YOUR GOAL: The answer must consist only of the lines from the line with "Brokky Cuerda Marina" to the line with "4ajoAutumn Leopard Knitted", both included, exactly as they stand below.

SUPPLIED RECORDS:

+---+

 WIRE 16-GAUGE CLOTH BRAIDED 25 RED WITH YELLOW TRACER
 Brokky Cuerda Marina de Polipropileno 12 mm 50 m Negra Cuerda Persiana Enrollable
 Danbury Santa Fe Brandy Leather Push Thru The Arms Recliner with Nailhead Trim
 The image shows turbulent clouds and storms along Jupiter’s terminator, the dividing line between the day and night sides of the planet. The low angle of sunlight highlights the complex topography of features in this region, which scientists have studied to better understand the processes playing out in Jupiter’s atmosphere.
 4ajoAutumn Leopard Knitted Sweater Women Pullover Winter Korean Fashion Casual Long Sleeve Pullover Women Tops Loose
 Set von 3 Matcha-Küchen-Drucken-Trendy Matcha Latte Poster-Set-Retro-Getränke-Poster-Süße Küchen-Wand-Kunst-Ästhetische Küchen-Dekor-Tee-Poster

+---+

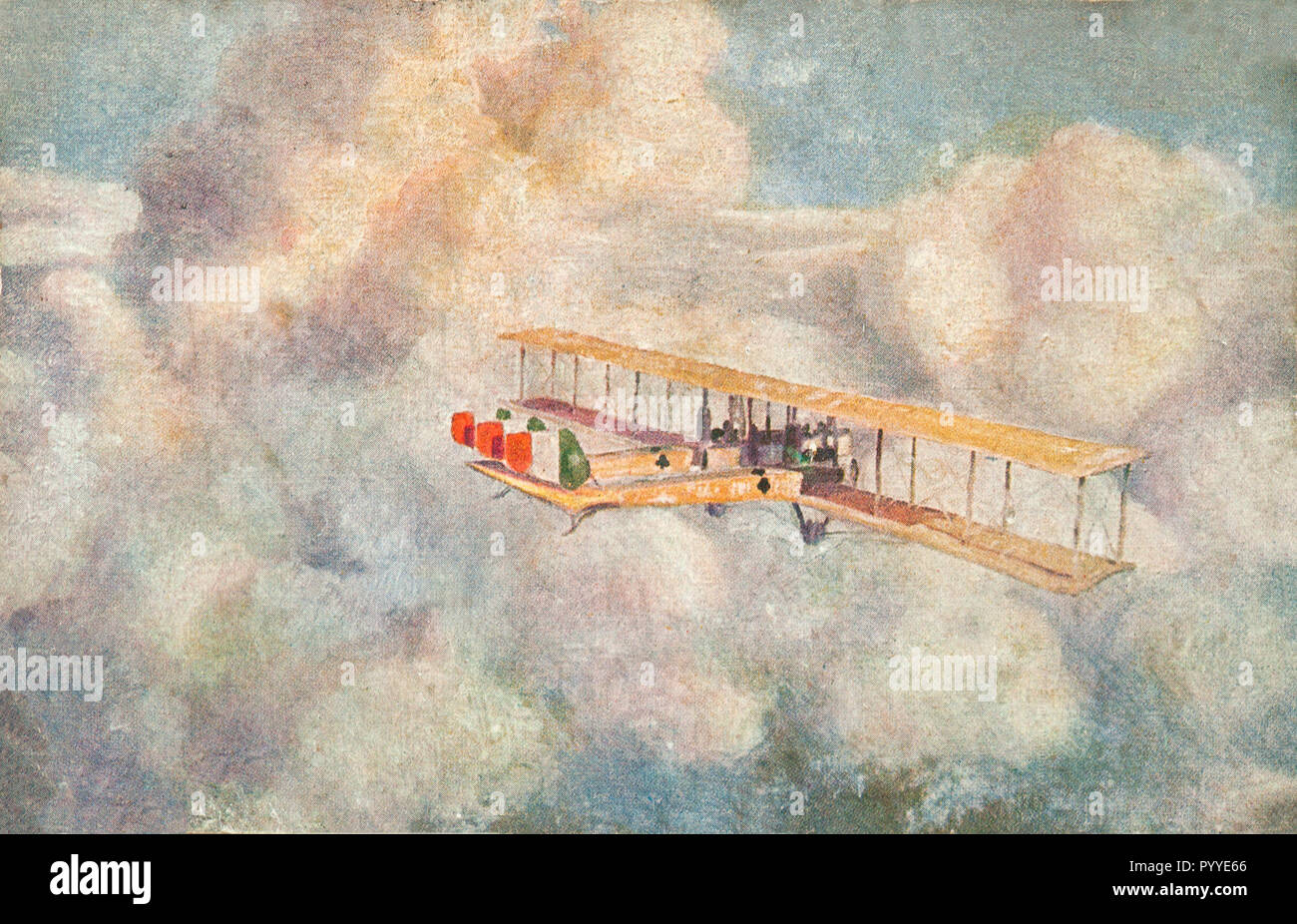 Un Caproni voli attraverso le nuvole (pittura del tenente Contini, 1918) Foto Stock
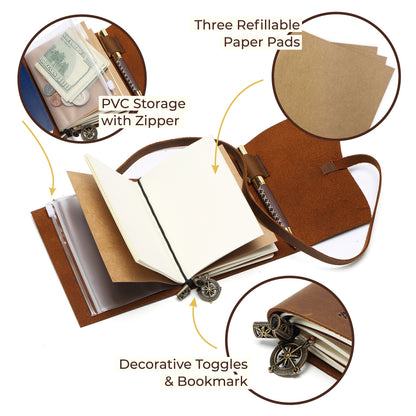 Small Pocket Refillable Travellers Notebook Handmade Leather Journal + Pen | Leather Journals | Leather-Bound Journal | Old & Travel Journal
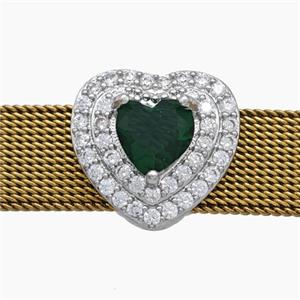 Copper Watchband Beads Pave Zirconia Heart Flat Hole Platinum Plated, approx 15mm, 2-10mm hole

+---+

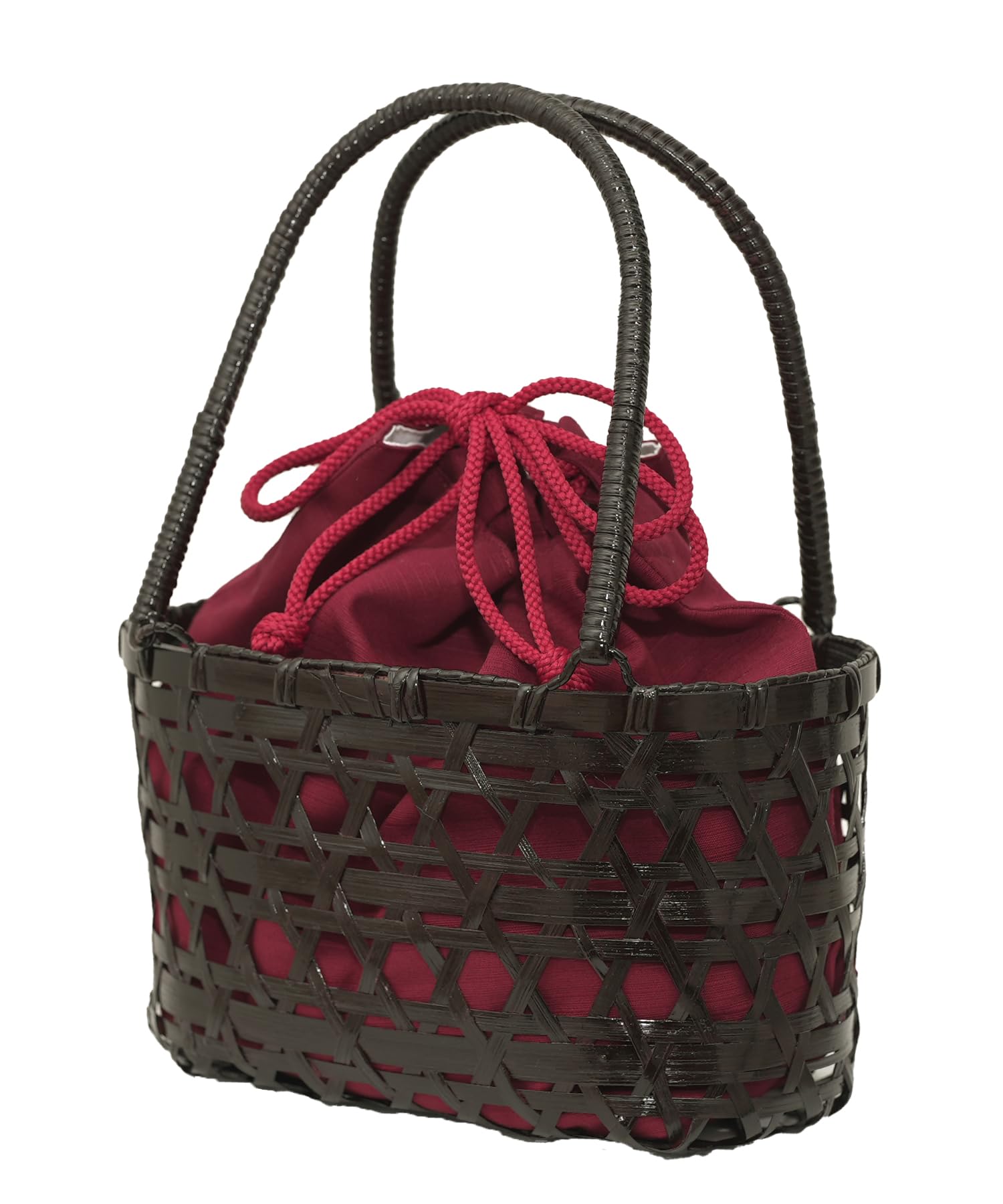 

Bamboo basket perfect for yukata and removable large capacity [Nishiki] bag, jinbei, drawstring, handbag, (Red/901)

+---+

TASK OUTPUT:
 Brokky Cuerda Marina de Polipropileno 12 mm 50 m Negra Cuerda Persiana Enrollable
 Danbury Santa Fe Brandy Leather Push Thru The Arms Recliner with Nailhead Trim
 The image shows turbulent clouds and storms along Jupiter’s terminator, the dividing line between the day and night sides of the planet. The low angle of sunlight highlights the complex topography of features in this region, which scientists have studied to better understand the processes playing out in Jupiter’s atmosphere.
 4ajoAutumn Leopard Knitted Sweater Women Pullover Winter Korean Fashion Casual Long Sleeve Pullover Women Tops Loose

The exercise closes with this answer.